RECORDS PROVIDED >>
|---|

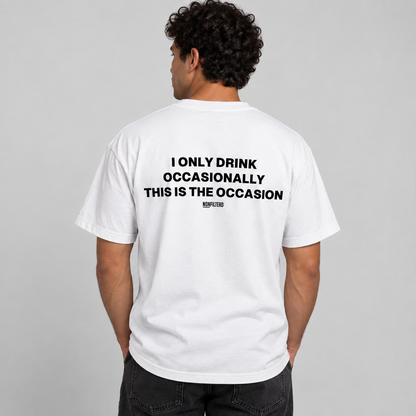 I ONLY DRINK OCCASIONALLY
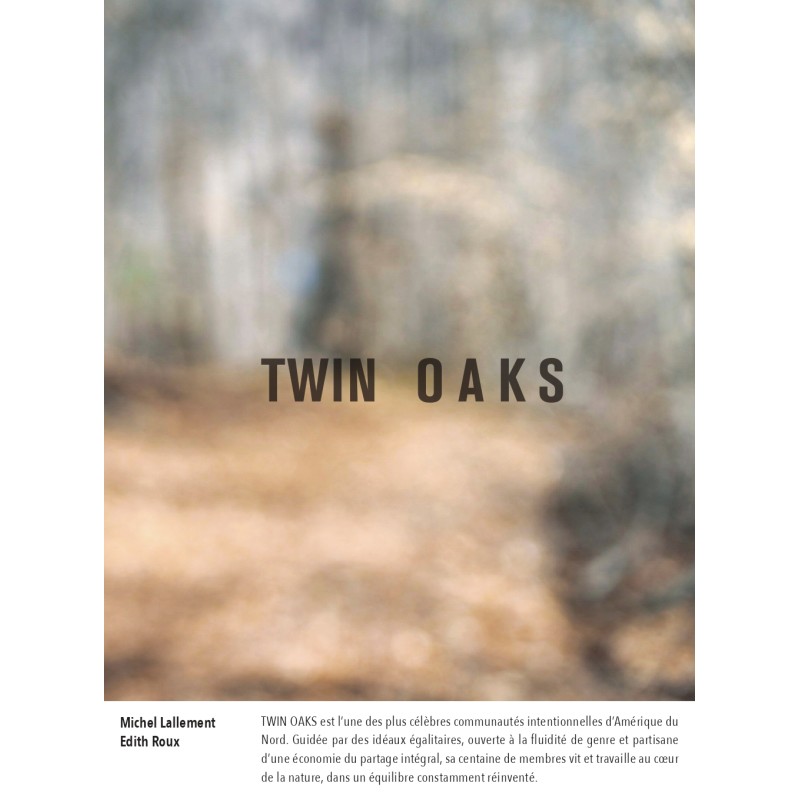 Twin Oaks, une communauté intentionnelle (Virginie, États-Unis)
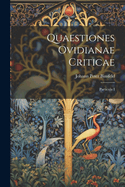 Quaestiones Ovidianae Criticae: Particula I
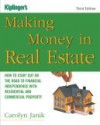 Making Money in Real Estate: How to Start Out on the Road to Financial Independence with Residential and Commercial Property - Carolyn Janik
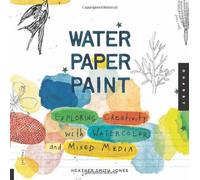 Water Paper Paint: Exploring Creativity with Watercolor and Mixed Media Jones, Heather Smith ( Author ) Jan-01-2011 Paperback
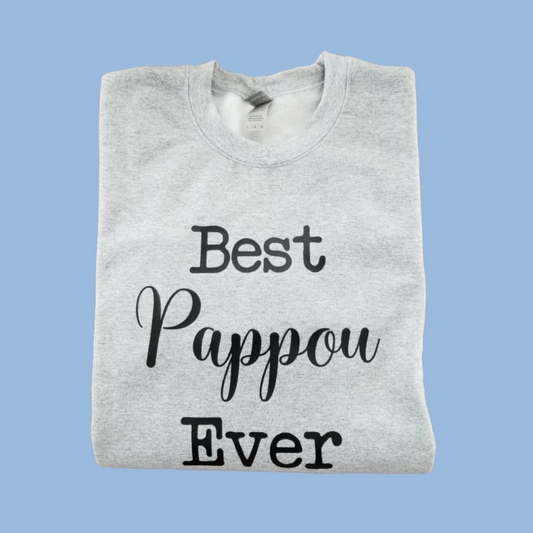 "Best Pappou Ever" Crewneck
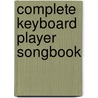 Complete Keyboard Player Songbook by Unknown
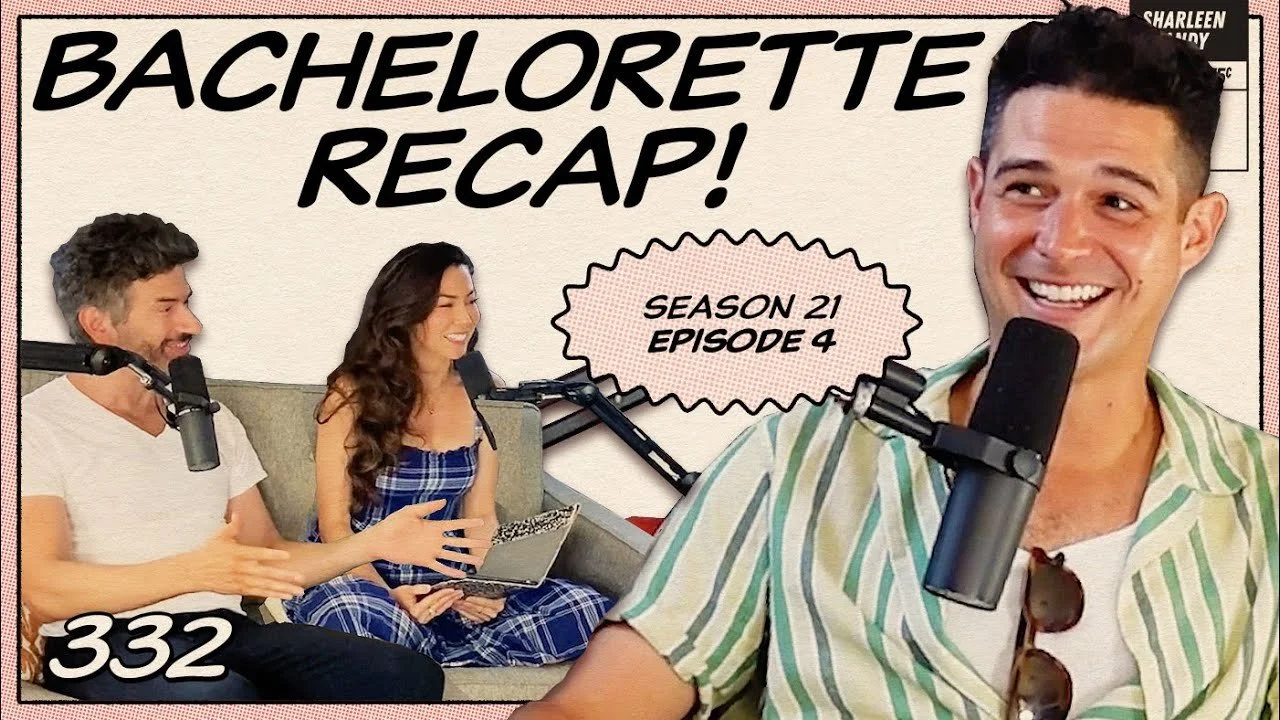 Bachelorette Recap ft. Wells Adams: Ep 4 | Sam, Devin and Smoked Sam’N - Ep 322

|---|

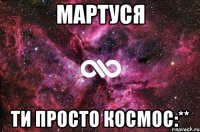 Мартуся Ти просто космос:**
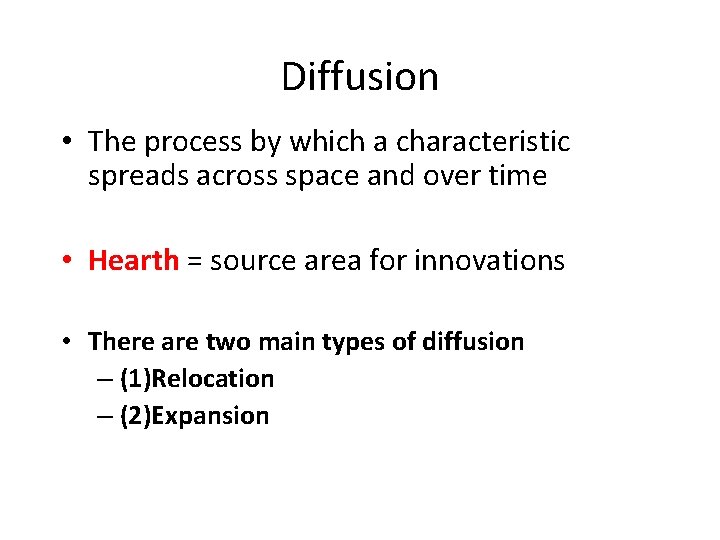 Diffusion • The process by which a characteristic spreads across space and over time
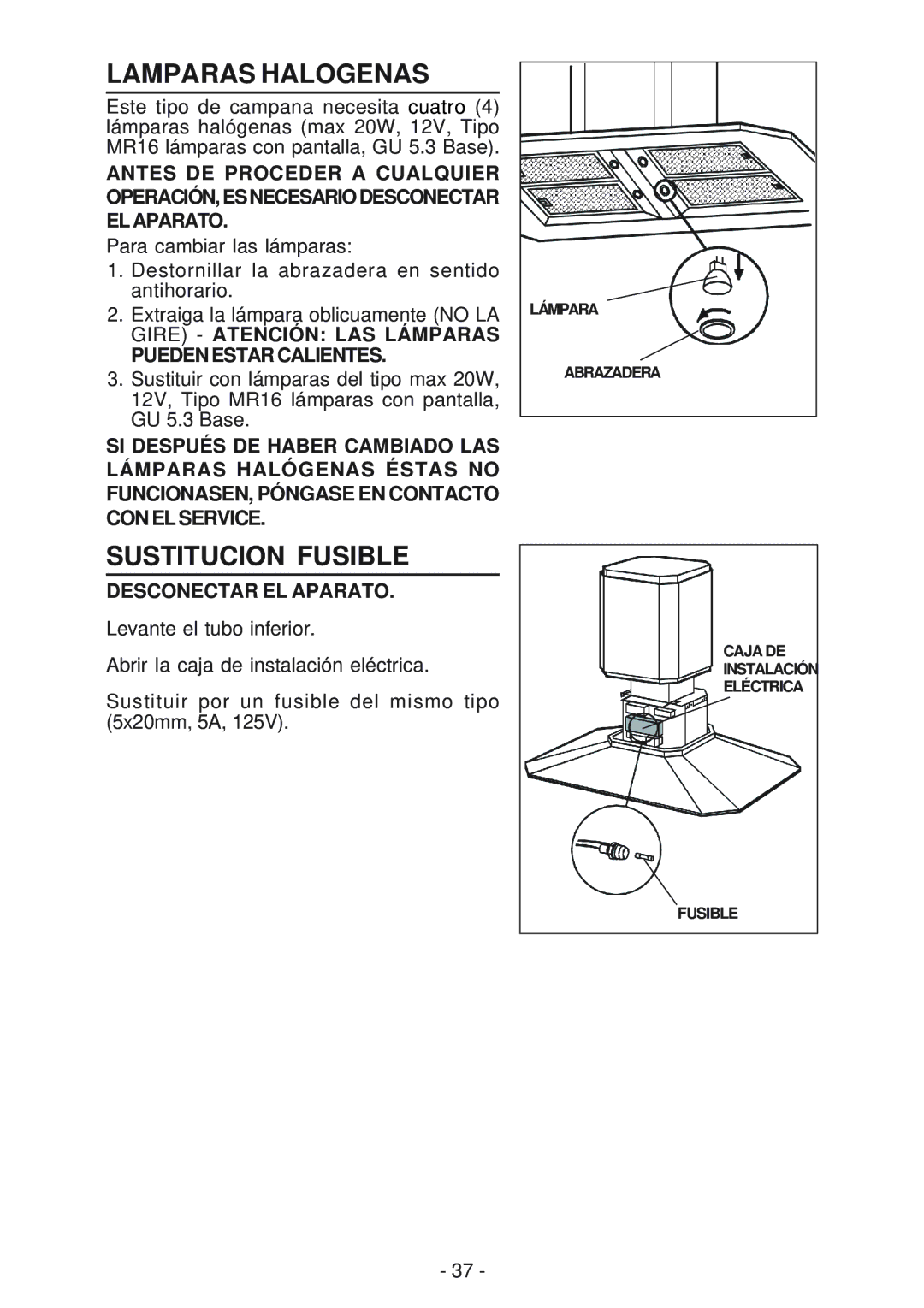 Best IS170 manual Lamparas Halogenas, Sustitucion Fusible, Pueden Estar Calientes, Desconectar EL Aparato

|---|

DESCRIPTION OF THE TASK >>
How would the lines above read from the one with "I ONLY DRINK OCCASIONALLY" to the one with "Bachelorette Recap ft.", inclusive, with no pictures? Write them out exactly.

RESPONSE BELOW >>
 I ONLY DRINK OCCASIONALLY
 Twin Oaks, une communauté intentionnelle (Virginie, États-Unis)
 Quaestiones Ovidianae Criticae: Particula I
 Making Money in Real Estate: How to Start Out on the Road to Financial Independence with Residential and Commercial Property - Carolyn Janik
 Water Paper Paint: Exploring Creativity with Watercolor and Mixed Media Jones, Heather Smith ( Author ) Jan-01-2011 Paperback
 "Best Pappou Ever" Crewneck
 Complete Keyboard Player Songbook by Unknown
 Bachelorette Recap ft. Wells Adams: Ep 4 | Sam, Devin and Smoked Sam’N - Ep 322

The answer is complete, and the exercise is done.